The homeless folks were perfectly fine either way...my kids weren't.
"They think WE'RE homeless?" my eldest daughter asked, as if that were the most shocking thing.
"Yes." I said.
Instead of being miffed that anyone would think I "looked" homeless, it proved a valuable lesson to the kids: homeless people look "normal" and many of them are kids.
And later upon reflection, it deepened a honed personal resolve: I don't care what people think I should be doing as a mother with five kids. I'm doing what I want.
Today, I write about "Cookin' and Trippin' across the Pacific Northwest" with my five kids (ages 14 to 11 months) and host a cooking series at our rustic log cabin lake house we call "Camp Ossorio."
But it wasn't always the case.
The truth is I have always loved meeting unexpected people and places. Maybe it's because I feel like I'm unexpected.
Yes, I'm a mom with five kids.
But I'm also a journalist, host, culinary creative cook, and inquisitive. I like meeting new people and hearing their stories and sharing them with my kids and the community.
The fact that I have kids (from the first child to the fifth doesn't change that).
And yet, I have often felt the world views stay-at-home moms, particularly those with a bunch of kids, as they did children "back in the day": seen but not heard.
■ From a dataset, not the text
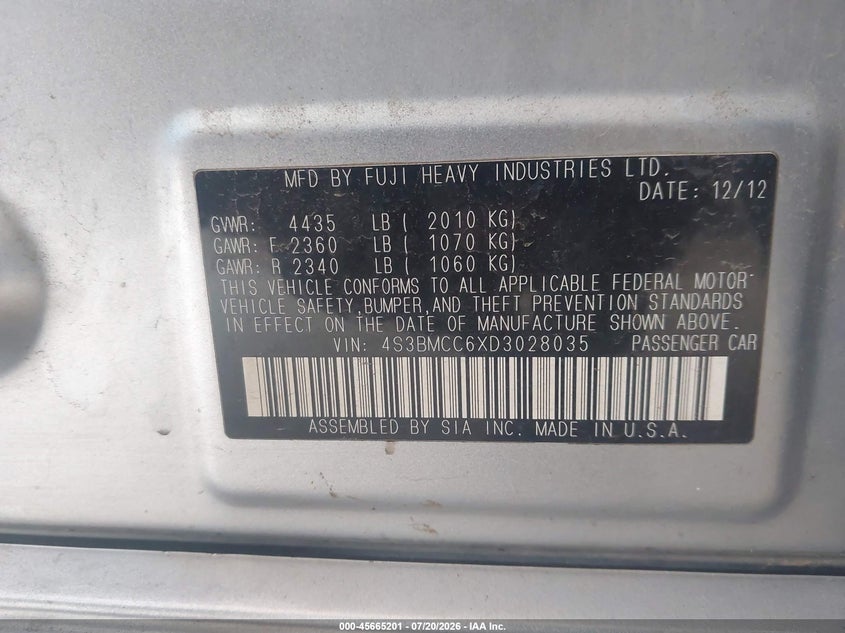 2013 Subaru Legacy 2.5I Premium VIN: 4S3BMCC6XD3028035 Lot: 45665201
My desire to connect and learn about different people and places only intensified the more children I had. I wanted to create new and different experiences for my kids and myself.
Not because I was interested in making their future college applications look better or to increase their standardized test scores--to have fun and make us ALL better people.
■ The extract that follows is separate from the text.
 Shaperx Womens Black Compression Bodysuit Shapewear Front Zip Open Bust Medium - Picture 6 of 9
But I had to take myself out of the "stay-at-home mom" closet. And that required getting out of my comfort zone.
I had to literally create an alternate identity, Pippimamma, after Pippi Longstocking my childhood hero.
I became a stay at home mom in 2000. As a new mom I began my journey with both a stocked refrigerator, (I loved eating good food) and shelves filled with parenting how-to books (I had a wacky childhood and wanted to overcompensate by molding myself into the "perfect" mom).
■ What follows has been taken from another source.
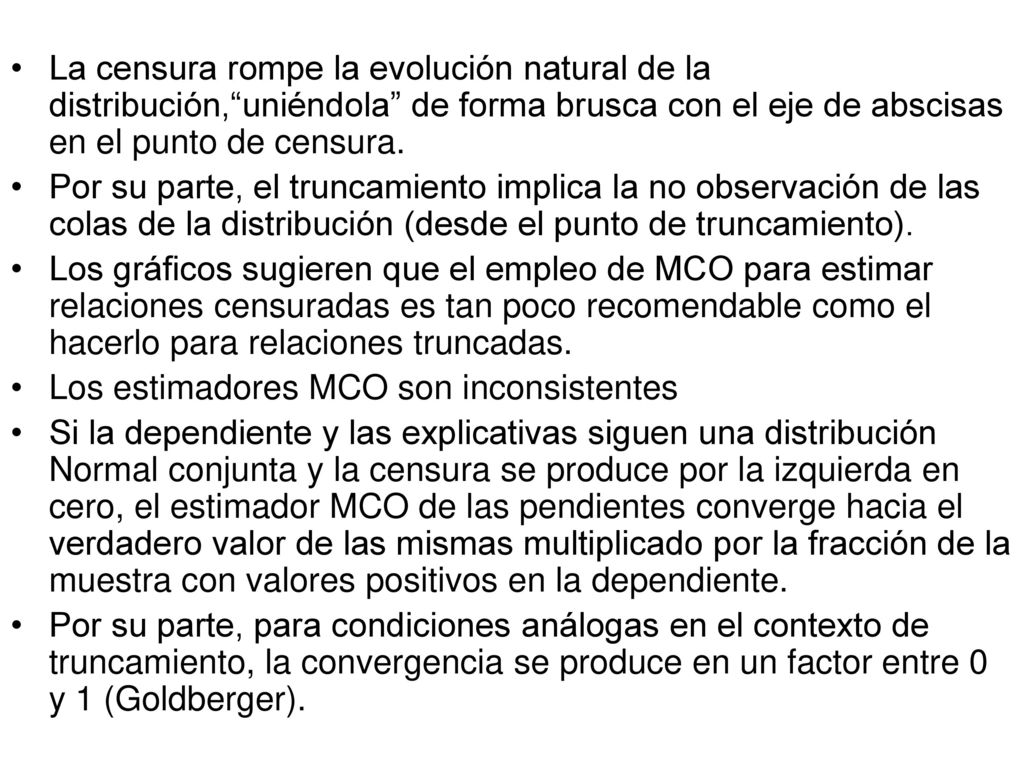 La censura rompe la evolución natural de la distribución, uniéndola de forma brusca con el eje de abscisas en el punto de censura.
When my first child was old enough to eat solid food one of the first things that contradicted my "perfect mom" vision quest: I didn't know how to cook.
The only thing I felt confident making was a pancake. Lord knows I had made enough of them as a kid.
My mom was a single parent and times were "welfare tough." But no matter how bare the cupboards were I could always rely on a box of pancake mix, the kind with the little purple blueberries that only called for water and a half full bottle of off-brand syrup.
Sentimental fool that I am I made sure that the first pancake I cooked my little girl was from the same blueberry pancake brand name box.
I was expecting the warm rush of nostalgia filled with the joy I was feeling of motherhood. I realized, "Yuck!" the reconstituted blueberries disintegrated into my mouth like chalk."
The memories that I had as a child didn't jibe with this flat, anemic orb of soulless processed flour mixture. It was ironic/fortuitous that about the same time I admitted to myself that I loved being a mom but felt like I wasn't happy with those "canned" parenting experiences.
The same neighborhood park, city zoo, children's museum where we would all hover around our children and even worse, the same mommy judgments--it began to feel like every day was a play on Bill Murray's Groundhog Day movie.
Every day I felt conflicted: I loved my kids and felt fortunate to be able to stay at home, but I felt my identity slipping away.
What was I supposed to do differently? I didn't have a clue. How could I be both a great mom and a happy woman desperate to use her brain?
I began isolating myself. Falling more and more into that "perfect mom" mommy trap I had set for myself. When inside I felt more like the misunderstood girl in The Breakfast Club: walled up and aloof but desperate to be a part of something "bigger."
So I went back to my childhood hero, Pippi Longstocking, who had given me courage as a young girl.
And I remembered that yah we were poor but we also had a lot of fun and a lot of freedom. My mom never let people underestimate her: she followed her own path, which included joining a holistic vegetarian commune when I was a kid.
At the commune I discovered there was no such thing as convenience foods or television. And if we didn't leave in the morning we'd be stuck spending the day helping to cook in the communal kitchen learning about herbs and vegetables grown in the community garden.
For breakfast every day we juiced wheat grass infused with golden bits of bee pollen.
But the saving Grace at the commune were the daily morning honey buckwheat pancakes served in the dining hall every morning.
They tasted amazing.
My sister and I drenched them in pure Vermont maple syrup. After we had our fill we nabbed handfuls of the pancakes and took flight into the California sunshine to escape chores for an all-day romp.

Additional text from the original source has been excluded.